A distopia pode ser definida em oposição à utopia. A palavra distopia é de origem grega e significa “lugar ruim”, visto que o prefixo “dis” remete a algo negativo e o radical “topo” ou “topia” se refere a lugar, uma dada espacialidade. Já a palavra utopia remeteria a algum topo perfeito, ou seja, a um lugar ideal. O termo utopia foi muito difundido graças à obra “Utopia" do filósofo humanista Thomas More (1478-1535), na qual há a criação de uma sociedade perfeita, sem contradições e privações. Contudo, o termo mais usual é “socialismo utópico” e foi dado de forma pejorativa pelos adeptos do marxismo, que se autodenominavam arautos do socialismo cientifico.

A tecnologia possui o discurso de libertação do homem, contudo, nas narrativas distópicas, ela é a causa da desgraça humana, responsável por criar uma sociedade onde o ser humano se torna refém de situações degradantes e totalmente submisso ou ameaçado pelas máquinas. O filme “Alphaville” (1965, França), do cineasta da Nouvelle Vague francesa Jean-Luc Godard (1930-), narra a história de uma cidade controlada pelo onipresente computador Alpha 60. Godard cria uma narrativa na qual o homem é controlado pela máquina e submisso à tecnologia, mesma base do enredo de "Matrix" (1999, EUA) dos Irmãos Wachowski.

As grandes corporações (empresas) são também responsáveis pelo controle humano, não só através do fetiche da mercadoria, mas também pela força e pela coerção. Em “Metrópolis” (1927, Alemanha), o cineasta alemão Fritz Lang (1890-1976) narra uma história centrada em uma sociedade controlada autocraticamente por um empresário, onde os homens são escravizados por uma pequena casta. Os trabalhadores são obrigados a permanecer no subsolo, enquanto uma minoria se aproveita de um status confortável. O filme é um dos marcos do expressionismo alemão e expressa as contradições das relações de trabalho e a exploração do homem pelo homem. No filme “Blade Runner: o caçador de andróides” (1982, EUA), o diretor Ridley Scott apresenta uma sociedade futurista controlada pela Corporação Tyrell, responsável por criar andróides chamados de Replicantes, que se revoltam contra os seus criadores.

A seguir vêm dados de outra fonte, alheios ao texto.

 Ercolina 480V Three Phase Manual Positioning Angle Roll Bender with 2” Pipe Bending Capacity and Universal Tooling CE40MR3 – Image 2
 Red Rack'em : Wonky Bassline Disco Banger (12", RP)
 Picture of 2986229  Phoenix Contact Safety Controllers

O elemento causador da distopia mais comum é o Estado, representado como uma organização que controla e manipula a existência humana. No filme “1984” (1984, Inglaterra), baseado no livro homônimo do escritor inglês George Orwell (1903-1950), tem-se uma sociedade controlada pelo “Grande irmão”, onde o homem tem todas as suas ações controladas e vigiadas. Os valores humanos são condicionados pelos lemas “Guerra é Paz, Liberdade é Escravidão, Ignorância é Força” e todos são submissos aos desmandos do Estado, “que está sempre certo”.

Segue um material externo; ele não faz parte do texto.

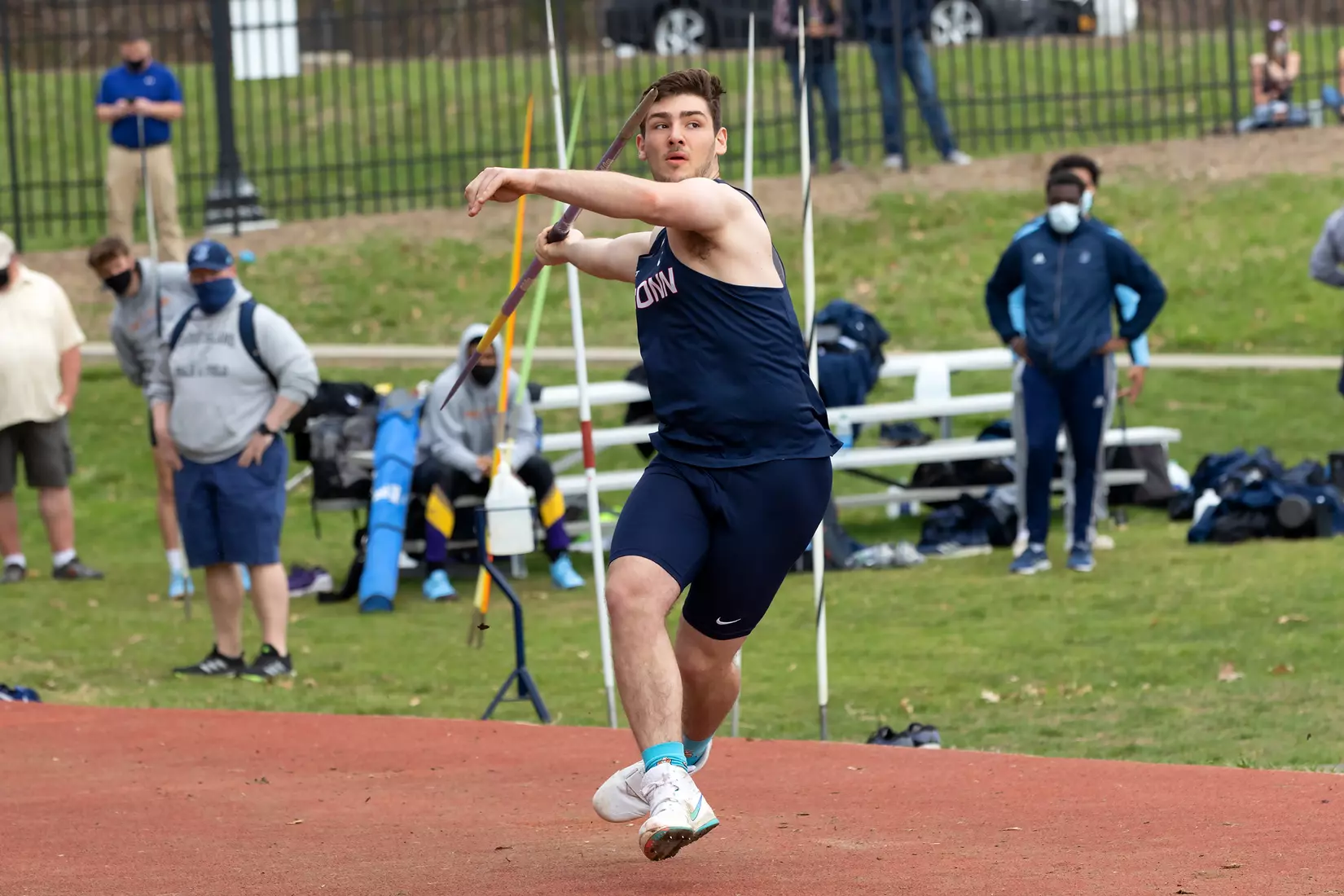 UConn Men's Track and Field Dog Fight at George J. Sherman Family Sports Complex , April 10, 2021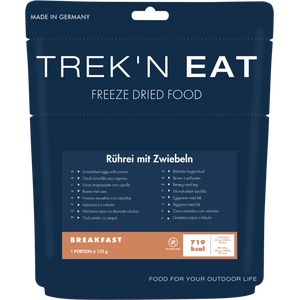Trek'n Eat Scrambled Eggs with Onions 125g (G) 719kcal
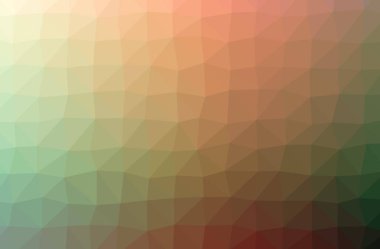 Soyut Orange yatay düşük polimer arkaplan tasviri. Çok güzel bir çokgen dizaynı. İhtiyaçlarınız için faydalı. 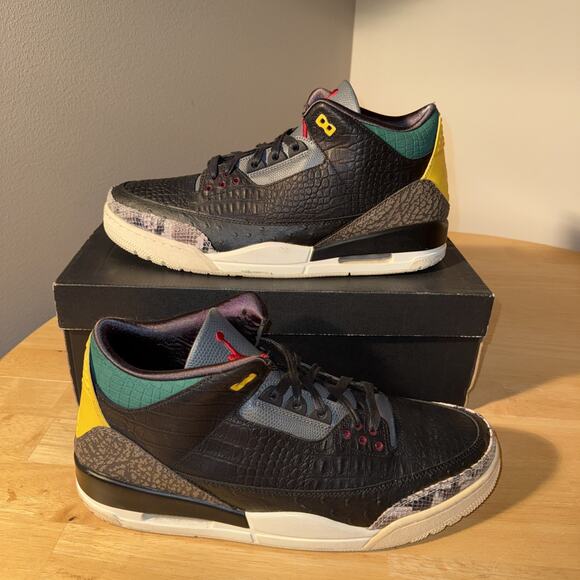 Jordan Air Jordan 3 Retro SE Animal Instinct 2.0 CV3583-003 size 14 og box main image 4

O Estado também é o causador da distopia no filme “Fahrenheit 451” (1966, RU) do cineasta francês François Truffaut, no qual os livros são abolidos por provocarem opiniões próprias, que são consideradas anti-sociais e hedonistas; o pensamento crítico também é suprimido. Os livros são queimados por bombeiros que “livram” os homens da leitura, restando-lhes apenas a resistência de se tornarem livros, ou homens-livros. Já em “Laranja Mecânica” (A Clockwork Orange, 1971, RU), de Stanley Kubrick, a distopia se mostra nos métodos do Estado para controlar o ser humano, como o “Sistema Ludovico”. O personagem Alex (Malcolm McDowell) tem as suas ações condicionadas pelo sistema Ludovico, que se mostra um método eficaz e coercivo de controle social.

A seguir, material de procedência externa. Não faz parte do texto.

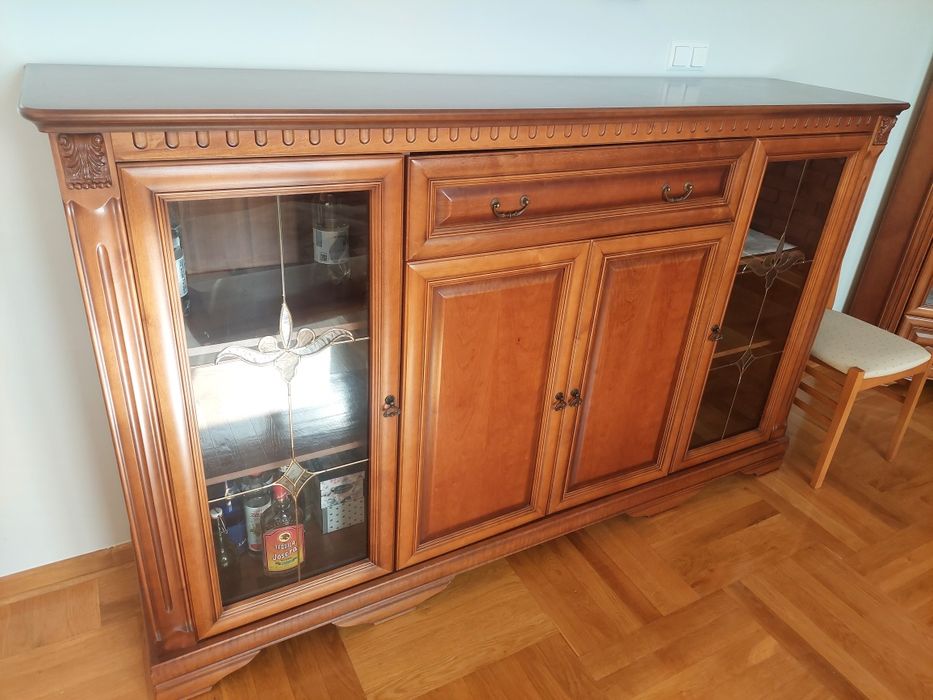 Komoda + witryna Taranko Orfeusz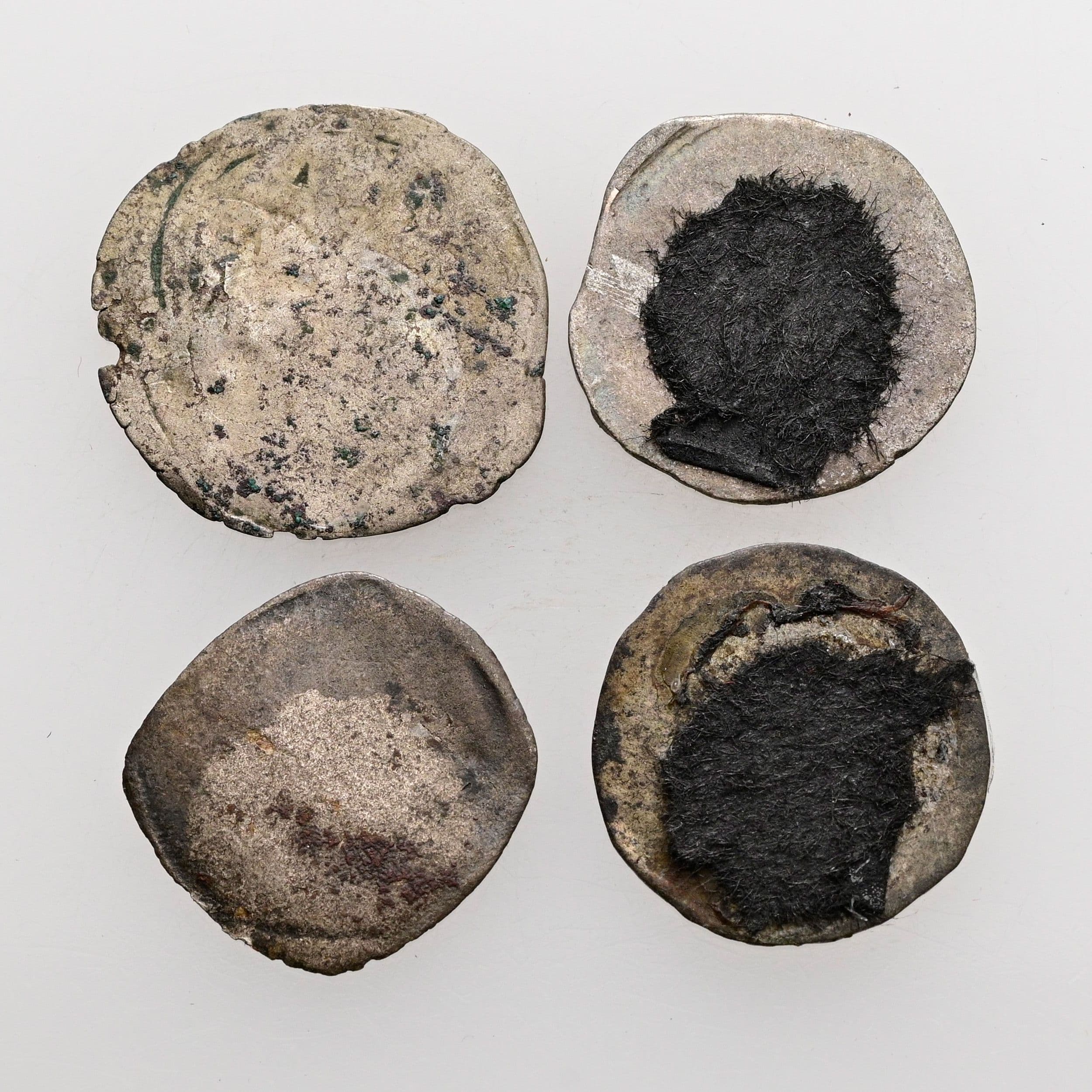 Lot 4 Salzburger Kleinmünzen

Os filmes distópicos, muitas vezes, se confundem, ou são associados, com filmes de ficção científica futurista, no entanto, as narrativas distópicas possuem certas especificidades, tais como o caráter alegórico do enredo. A história se passa em um tempo futuro, mas as bases de construção da narrativa são elementos do presente, assim, cria-se uma relação de crítica e análise da conjuntura da sociedade contemporânea através da projeção das ações e da sociedade em um tempo futuro e em outro lugar, ou topos, mas, ambos são os nossos lugares e tempos, ligados pela alegoria. O pessimismo e a estupidez coletiva, condicionada pela tecnologia, pelas grandes corporações e pelo Estado, são as principais marcas das narrativas distópicas, que poderiam, sim, ser consideradas como um gênero cinematográfico, dada a grande quantidade de filmes que usam a distopia como elemento central do seu enredo.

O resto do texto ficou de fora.